Croatian National Corpus v3.0 is online and is accessible through new interface Bonito2 at this address.

What is the Croatian National Corpus?

Croatian National Corpus (HNK) is a systematized collection of selected texts mainly written in contemporary Croatian covering different media, genres, styles, fields and topics. The Corpus is accompanied by additional linguistic and non-linguistic data and stored in a database on our server which can be accessed with the search client program Bonito.

To whom it could be useful?

HNK is publicly available for research, education and other non-commercial purposes. Commercial users should register and subscribe in order to get their user account and password.

Corpus is published "as-it-is" in the form available for search, but it could be also be subsumed to a changes without obligation for prior notice to users.

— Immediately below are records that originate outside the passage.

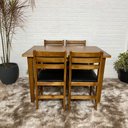 Ver imagem 3 de Conjunto Fixo Floresta Mesa 120x80 com 4 Cadeiras Estofadas Cor:mel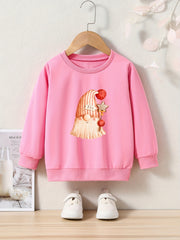 Gnome Print Girls Casual Sweatshirt Fall Winter Tops Kids Clothing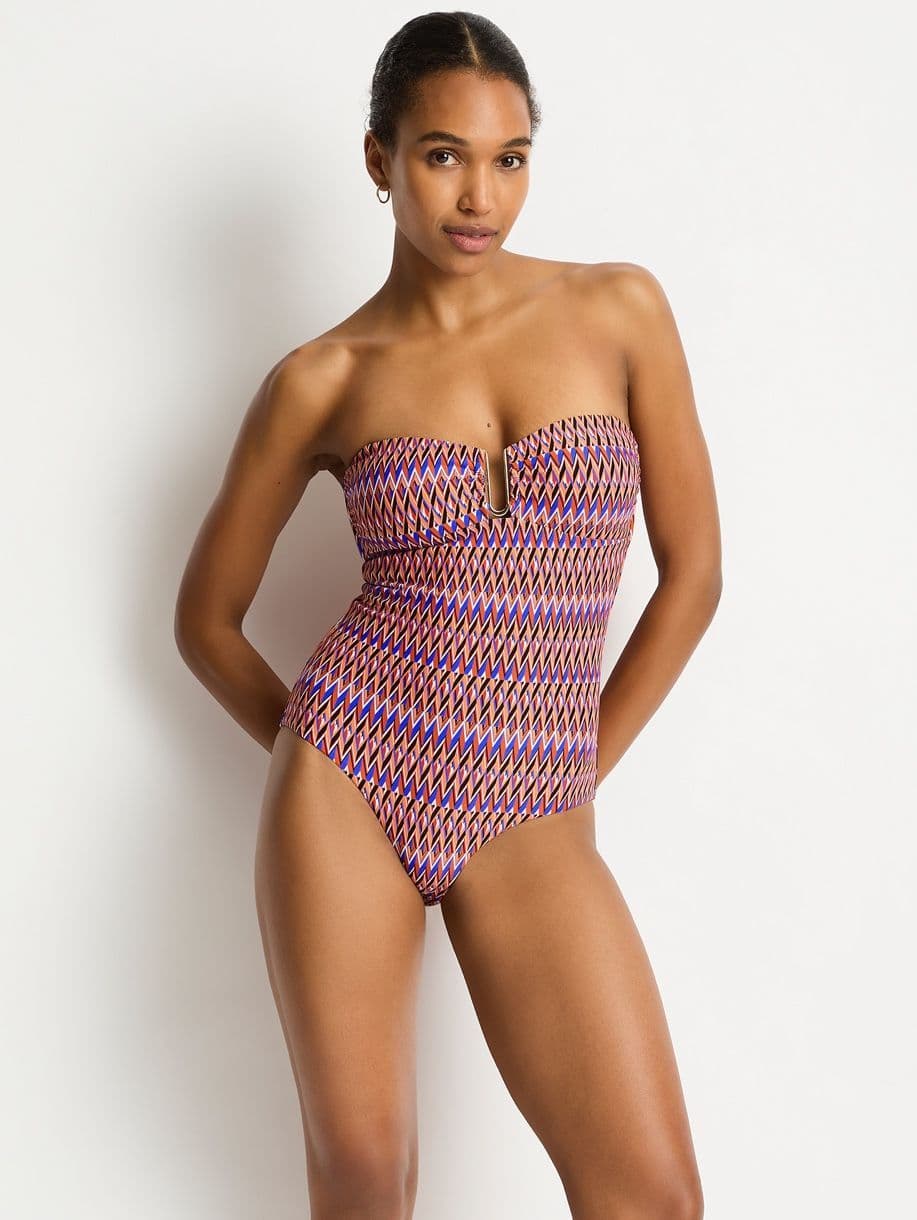 Sea Level Tessera U-Bar Bandeau Swimsuit - Blue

The list of (new) sources will be always available.

Provisional access

While the Corpus is still being collected, the temporary provisional access has been granted without any registration. This acces is available with guest account and without password. However, this access is limited in options for ad hoc subcorpora generation according to selected criteria. It is also limited in options for complex queries.

How big is HNK?

At the moment, HNK has 216.8 million tokens.

How can you make a reference to HNK?

Tadić, Marko (2009) New version of the Croatian National Corpus. In: Hlaváčková, Dana ; Horák, Aleš ; Osolsobě, Klara ; Rychlý, Pavel (eds.) After Half a Century of Slavonic Natural Language Processing. Masaryk University, Brno, pp. 199-205.